Il primo network al mondo per le terapie di supporto ai malati oncologici è una realtà italiana. Stiamo parlando di NICSO, il Network Italiano per le Cure di Supporto in Oncologia, che ha spento 5 candeline il 14 febbraio 2018,  prima associazione italiana ad occuparsi e a promuovere la ricerca delle terapie che supportano a 360 gradi i pazienti oncologici.

Il network riunisce tutte le varie figure professionali coinvolte nella prevenzione e nel trattamento dei sintomi e degli effetti collaterali delle terapie antitumorali, dalla diagnosi fino  al termine delle cure. Si tratta di una vera e propria rete di eccellenze professionali che si prefigge lo scopo di migliorare la qualità di vita del paziente oncologico durante il trattamento oncologico.

Inoltre, è nella mission del gruppo incentivare la ricerca scientifica sul tema delle terapia di supporto e fornire maggiori competenze teorico-pratiche a tutti i professionisti che hanno un ruolo nell’assistenza dei pazienti affetti dalla patologia oncologica

COME NASCE NICSO

L’idea di costituire l’Associazione multidisciplinare è nata nel 2012 in occasione del Congresso MASCC (Multinational Association of Supportive Care in Cancer), dall’incontro di quattro medici oncologi italiani: Carla Ripamonti e Paolo Bossi dell’IRCCS, Istituto dei Tumori di Milano (li abbiamo intervistati in esclusiva, nei video che trovate in pagina),  Andrea Antonuzzo dell’A.O. di Pisa e Fausto Roila dell’Ospedale di Perugia.

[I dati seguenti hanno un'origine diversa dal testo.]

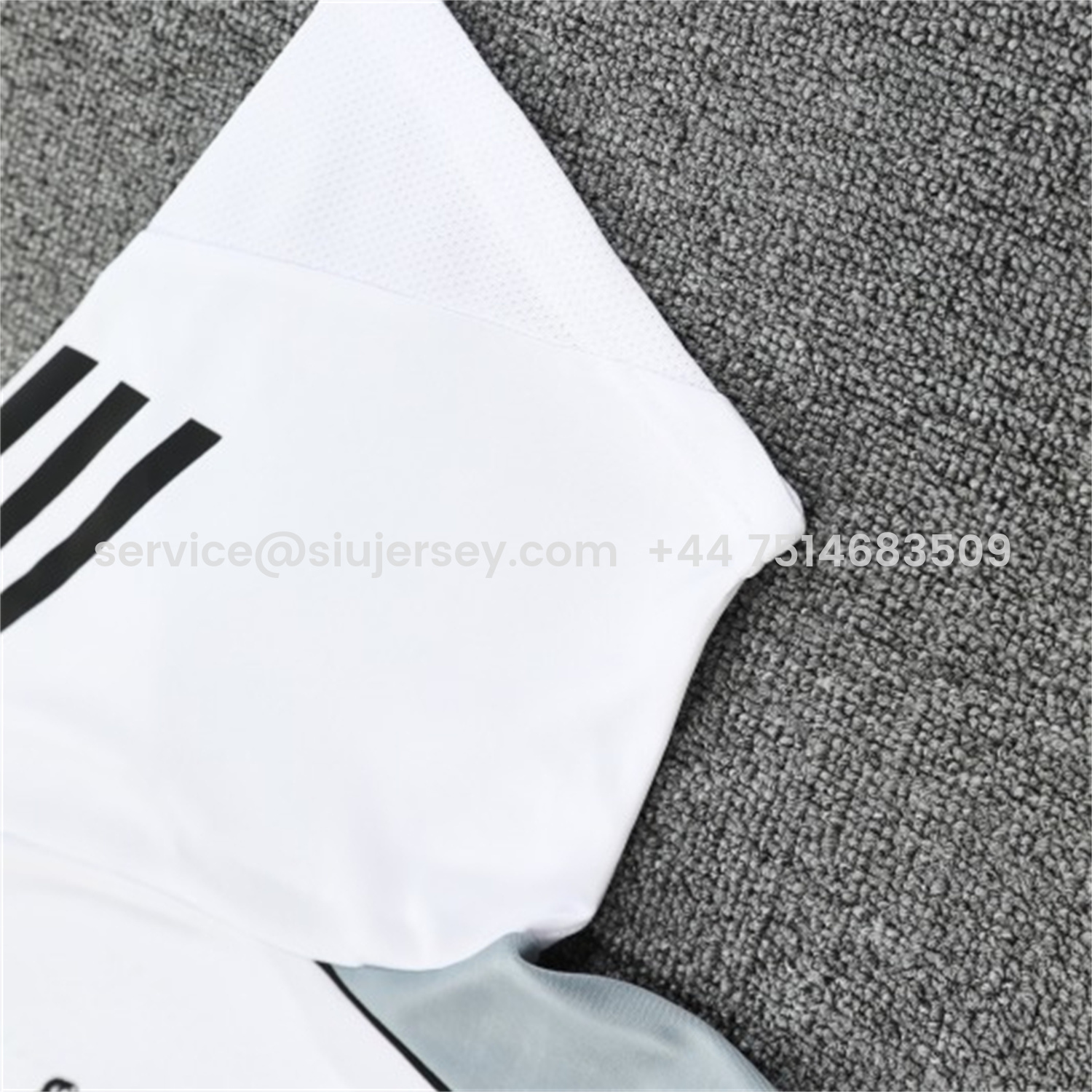 SIUjerseys-Real Madrid 25-26 Short-Sleeve Training Set - Grey And White Top & Black Shorts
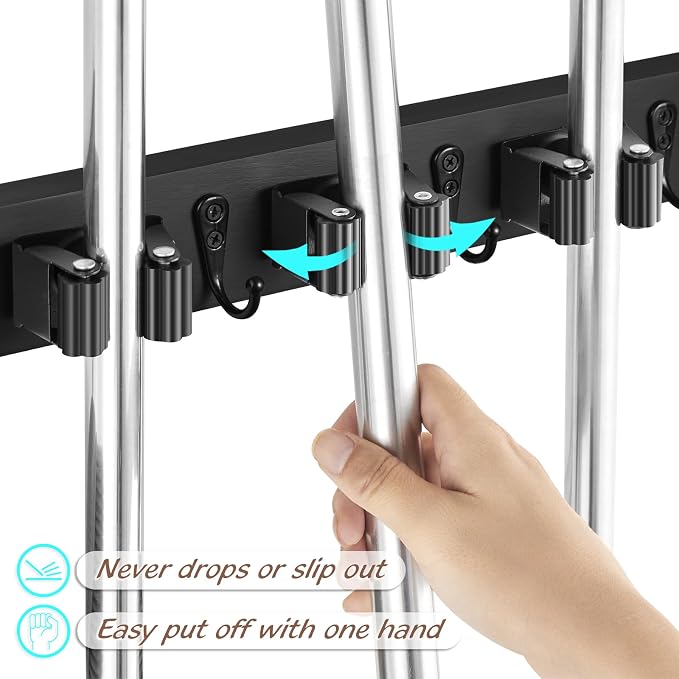 OUTNILI Mop and Broom Holder Wall Mount - Black Broom Mop Hanger - Wall Mounted Garden Tool Rack Organizer for Closet Garage Laundry Room Kitchen Decor With 5 Slots & 4 Hooks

Nel febbraio del 2013 viene quindi presentato ufficialmente NICSO, il Network italiano di cure di supporto in oncologia, un’associazione che punta a unire tutte le figure che operano a stretto contatto con il paziente neoplastico, come oncologi, ematologi, radioterapisti, internisti, psicologi e infermieri.

PERCHÈ NICSO

L’obiettivo del network è potenziare la formazione di tutti gli attori che supportano il malato oncologico, dal medico all’infermiere e ai diversi specialisti (dermatologi, cardiologi, endocrinologi,  infettivologi, geriatri etc), riguardo il ruolo e la pratica delle terapie di supporto in oncologia.

A supporto del programma di monitoraggio, è stato inoltre elaborato un cruscotto informativo per il paziente, un vademecum  che comprende informazioni pratiche suddivise in base ai consigli per la prevenzione e il trattamento di determinati effetti collaterali comuni tra i pazienti oncologici.

I farmaci di supporto assistono il paziente durante tutta la terapia oncologica, prevenendo aspetti sintomatici della cura, come stanchezza cronica, febbre, stipsi e numerosi altri segnali, puntando a migliorare gli aspetti di vita quotidiana del paziente.

NICSO è stato ideato con l’obiettivo di stimolare e coinvolgere le diverse figure a cooperare e diffondere le migliori strategie terapeutiche adottate.

Altre aspetto fondamentale di NICSO è quello di stimolare e supportare la ricerca scientifica, soprattutto quella indipendente, sulle terapie di supporto effettuata insieme con gruppi europei interessati specificamente a questo settore. Da questo punto di vista NICSO collabora con altri gruppi europei federati al MASCC come ad esempio la francese AFSOS, Association Francophone pour les Soins Oncologiques de Support.